The Latest: Justices hear case about privacy in digital age

The Latest on Supreme Court argument over digital-age privacy (all times local):

11:30 a.m.

The Supreme Court is signaling it could impose limits on the government's ability to track Americans' movements through collection of their cellphone information.

The justices heard 80 minutes of arguments Wednesday in a case about privacy in the digital age.

Chief Justice John Roberts and the court's four liberal justices indicated they could extend the Constitution's protection against unreasonable searches to police collection of cellphone tower information that has become an important tool in the investigation of crimes.

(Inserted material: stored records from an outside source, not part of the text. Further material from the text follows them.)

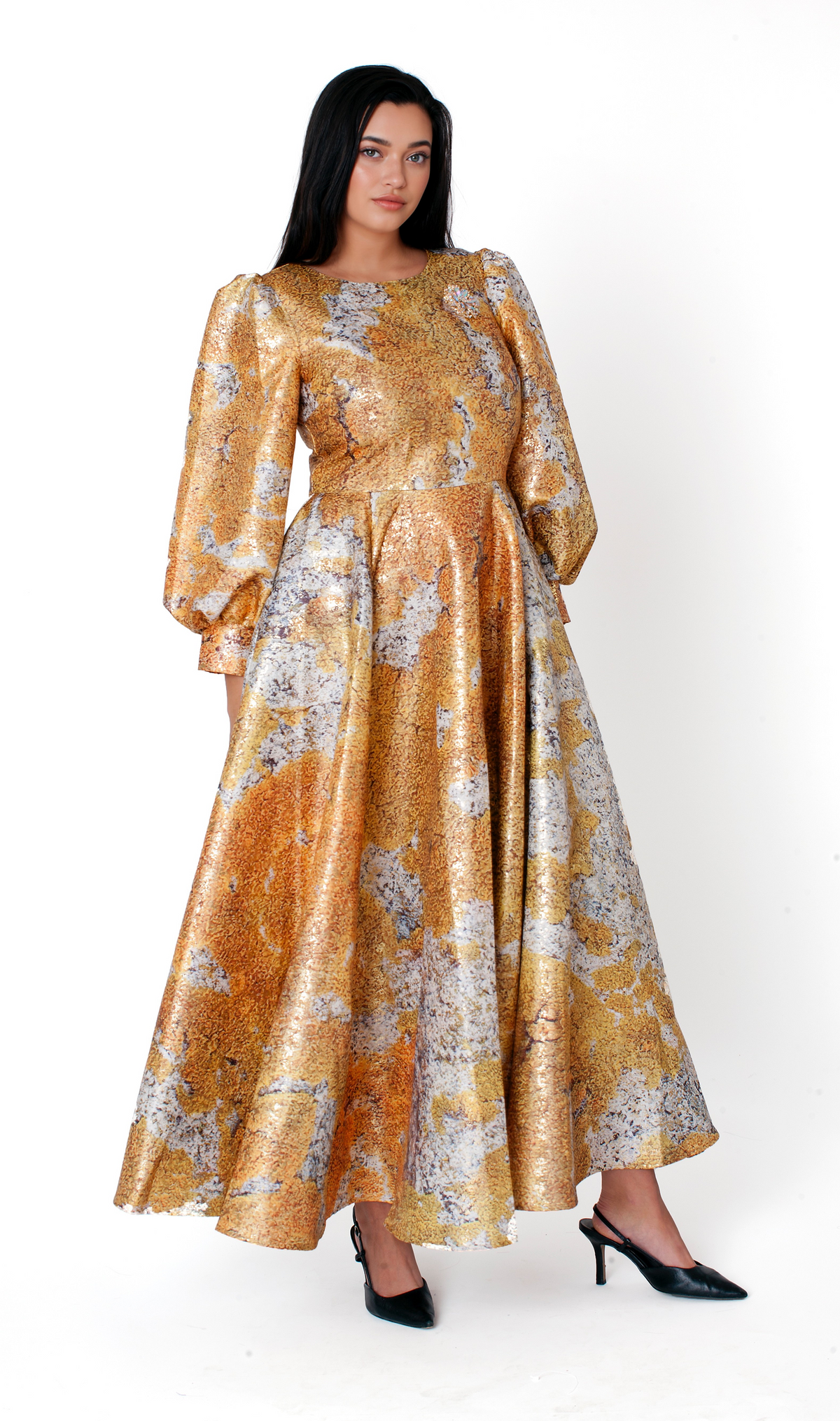 Tally Taylor yellow multi floral brocade maxi dress featuring bishop sleeves, a round neckline, and a decorative brooch shown walking.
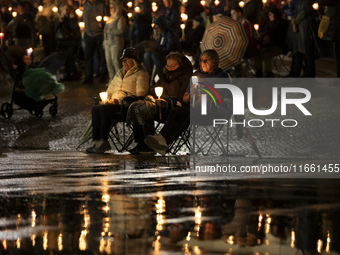 Pilgrims hold candles and pray during the candle procession at the Sanctuary of Fatima, in Fatima, Portugal, on October 12, 2024, on the ann...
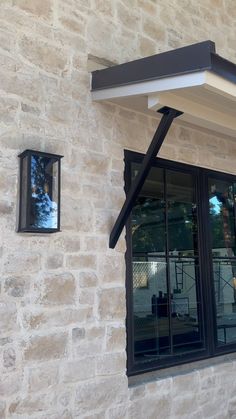 an outside view of a building with two windows and a black awning over the window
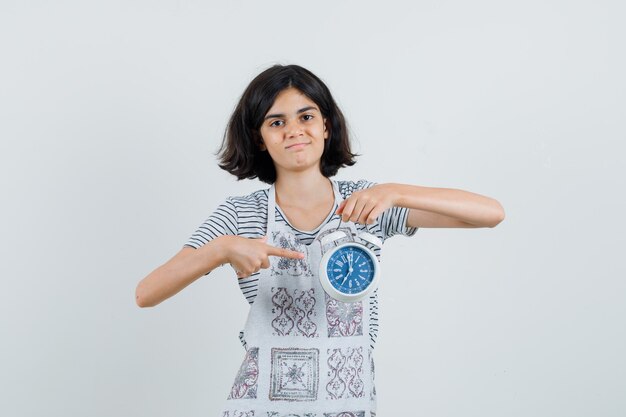 Petite fille pointant sur réveil en t-shirt, tablier et à la confiance,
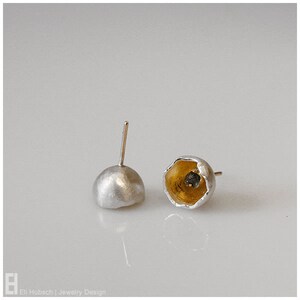 May include: A pair of silver earrings with a textured finish. One earring has a gold-toned center with a small black dot. The earrings are designed in a simple, modern style.
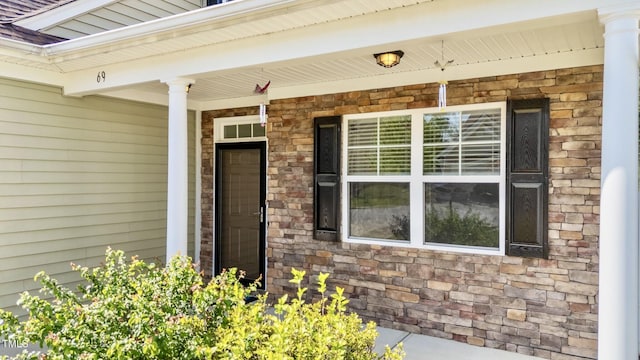 69 Florence Dr, Clayton, NC 27527 - view of exterior entry with stone siding and covered porch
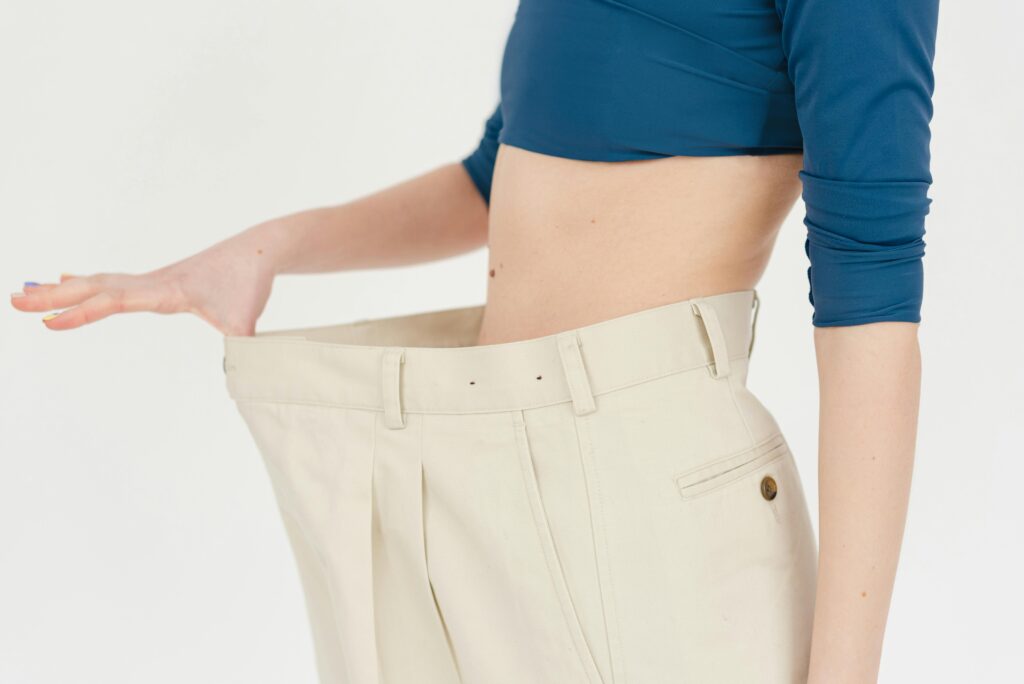 Close-up of woman showing weight loss success by wearing oversized pants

In the case before the court, investigators acquired 127 days of cellphone tower information without a search warrant that allowed them to place Timothy Carpenter in the vicinity of a string of robberies of Radio Shack and T-Mobile stores.

___

3:30 a.m.

The Supreme Court is taking up a case about privacy rights that could limit the government's ability to track Americans' movements in the digital age.

The justices are hearing an appeal Wednesday from Timothy Carpenter. He was sentenced to 116 years in prison after being convicted of robbing electronics stores in Michigan and Ohio. Records from cellphone towers near the stores helped place Carpenter in the vicinity of the crimes.

The big issue is whether police must get a search warrant to look at the records. Rights groups and technology experts are among those who have joined Carpenter in arguing it's too easy for authorities to use the records to learn intimate details of someone's life.

The Supreme Court in recent years has acknowledged technology's effects on Americans' privacy.